Write back each entry precisely as it is given.

────────────────────

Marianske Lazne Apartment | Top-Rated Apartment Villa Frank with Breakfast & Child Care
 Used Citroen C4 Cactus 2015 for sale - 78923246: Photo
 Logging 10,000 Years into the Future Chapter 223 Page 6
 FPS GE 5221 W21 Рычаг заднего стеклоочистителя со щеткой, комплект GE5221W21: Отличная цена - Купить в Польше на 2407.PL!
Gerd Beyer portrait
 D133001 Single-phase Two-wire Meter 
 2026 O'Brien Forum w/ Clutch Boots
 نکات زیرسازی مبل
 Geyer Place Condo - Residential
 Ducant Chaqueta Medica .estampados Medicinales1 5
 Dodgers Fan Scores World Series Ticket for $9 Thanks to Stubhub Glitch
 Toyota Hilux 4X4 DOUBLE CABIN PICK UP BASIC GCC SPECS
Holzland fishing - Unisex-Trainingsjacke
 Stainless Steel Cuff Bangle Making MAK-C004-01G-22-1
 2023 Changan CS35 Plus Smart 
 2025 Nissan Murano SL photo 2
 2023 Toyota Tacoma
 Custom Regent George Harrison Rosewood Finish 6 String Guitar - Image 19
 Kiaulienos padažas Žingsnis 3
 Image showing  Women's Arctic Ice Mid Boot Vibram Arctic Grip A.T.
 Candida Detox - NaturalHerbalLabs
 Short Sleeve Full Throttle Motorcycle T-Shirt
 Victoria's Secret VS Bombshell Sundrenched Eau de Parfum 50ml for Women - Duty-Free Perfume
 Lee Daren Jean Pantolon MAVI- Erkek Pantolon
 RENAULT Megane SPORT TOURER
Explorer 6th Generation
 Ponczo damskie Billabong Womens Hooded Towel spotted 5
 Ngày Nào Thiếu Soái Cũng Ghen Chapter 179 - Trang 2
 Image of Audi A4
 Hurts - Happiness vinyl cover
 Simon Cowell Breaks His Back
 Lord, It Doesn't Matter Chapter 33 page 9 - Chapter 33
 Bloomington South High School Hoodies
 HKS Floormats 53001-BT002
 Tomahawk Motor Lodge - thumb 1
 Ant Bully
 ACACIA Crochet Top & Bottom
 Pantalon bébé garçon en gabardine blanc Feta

────────────────────

Reply
Marianske Lazne Apartment | Top-Rated Apartment Villa Frank with Breakfast & Child Care
 Used Citroen C4 Cactus 2015 for sale - 78923246: Photo
 Logging 10,000 Years into the Future Chapter 223 Page 6
 FPS GE 5221 W21 Рычаг заднего стеклоочистителя со щеткой, комплект GE5221W21: Отличная цена - Купить в Польше на 2407.PL!
Gerd Beyer portrait
 D133001 Single-phase Two-wire Meter 
 2026 O'Brien Forum w/ Clutch Boots
 نکات زیرسازی مبل
 Geyer Place Condo - Residential
 Ducant Chaqueta Medica .estampados Medicinales1 5
 Dodgers Fan Scores World Series Ticket for $9 Thanks to Stubhub Glitch
 Toyota Hilux 4X4 DOUBLE CABIN PICK UP BASIC GCC SPECS
Holzland fishing - Unisex-Trainingsjacke
 Stainless Steel Cuff Bangle Making MAK-C004-01G-22-1
 2023 Changan CS35 Plus Smart 
 2025 Nissan Murano SL photo 2
 2023 Toyota Tacoma
 Custom Regent George Harrison Rosewood Finish 6 String Guitar - Image 19
 Kiaulienos padažas Žingsnis 3
 Image showing  Women's Arctic Ice Mid Boot Vibram Arctic Grip A.T.
 Candida Detox - NaturalHerbalLabs
 Short Sleeve Full Throttle Motorcycle T-Shirt
 Victoria's Secret VS Bombshell Sundrenched Eau de Parfum 50ml for Women - Duty-Free Perfume
 Lee Daren Jean Pantolon MAVI- Erkek Pantolon
 RENAULT Megane SPORT TOURER
Explorer 6th Generation
 Ponczo damskie Billabong Womens Hooded Towel spotted 5
 Ngày Nào Thiếu Soái Cũng Ghen Chapter 179 - Trang 2
 Image of Audi A4
 Hurts - Happiness vinyl cover
 Simon Cowell Breaks His Back
 Lord, It Doesn't Matter Chapter 33 page 9 - Chapter 33
 Bloomington South High School Hoodies
 HKS Floormats 53001-BT002
 Tomahawk Motor Lodge - thumb 1
 Ant Bully
 ACACIA Crochet Top & Bottom
 Pantalon bébé garçon en gabardine blanc Feta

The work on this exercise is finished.